Drapeau de la RSSAM.

Emblème de la RSSAM.
Devise en ukrainien : Пролетарі всіх країн, єднайтеся!  Prolétaires de tous les pays, unissez-vous ! »)
Informations générales
Statut République socialiste soviétique autonome, membre de la République socialiste soviétique d’Ukraine.
Capitale Chişinău (de jure, 1924 – 1940).
Balta (de facto, 1924 – 1929). Tiraspol (de facto, 1929 – 1940).
Langue(s) Moldave, ukrainien et russe
Démographie
Population Ukrainiens (46 %)
Roumains (32 %)
Russes
Superficie
Superficie 11 raions sur la rive gauche du Dniestr.
Histoire et événements
12 octobre 1924 Fondation.
1925 Famine.
1932 – 1933 Grande famine (Holodomor).
2 août 1940 Dissolution.

Entités précédentes :

Nom et territoire

Bien que leurs noms soient très semblables, il ne faut pas confondre la République socialiste soviétique autonome moldave (RSSA moldave ou RASSM) avec la République socialiste soviétique de Moldavie (RSS de Moldavie ou RSSM).

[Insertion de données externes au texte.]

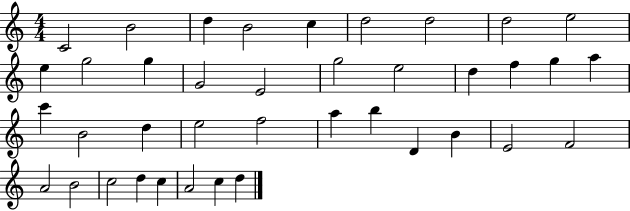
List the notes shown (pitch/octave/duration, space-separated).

C4/h B4/h D5/q B4/h C5/q D5/h D5/h D5/h E5/h E5/q G5/h G5/q G4/h E4/h G5/h E5/h D5/q F5/q G5/q A5/q C6/q B4/h D5/q E5/h F5/h A5/q B5/q D4/q B4/q E4/h F4/h A4/h B4/h C5/h D5/q C5/q A4/h C5/q D5/q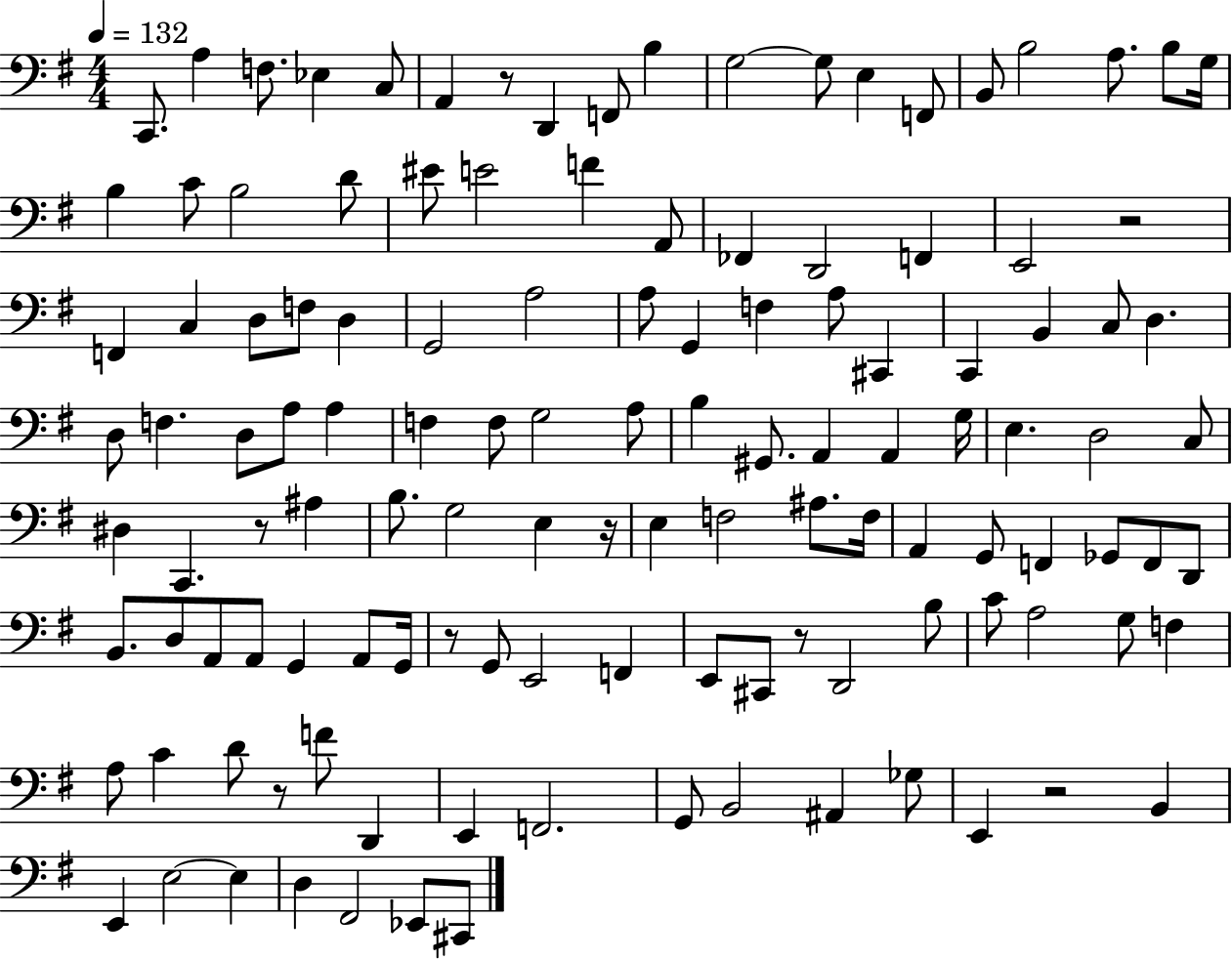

Le territoire de la République socialiste soviétique autonome moldave, partie de la République socialiste soviétique d’Ukraine, comprenait des zones de la rive gauche du Dniestr, en Transnistrie au-delà du Dniestr »). Il faisait 8 100 km2.

Création et population

La création de l'autonomie moldave est avant tout une réplique soviétique au rattachement de la République démocratique moldave (indépendante le ) à la Roumanie, proclamé par le parlement (Sfatul Ţării) de Chişinău le , dans un contexte où l'Armée rouge était combattue par une armée franco-roumaine commandée par le général français Berthelot.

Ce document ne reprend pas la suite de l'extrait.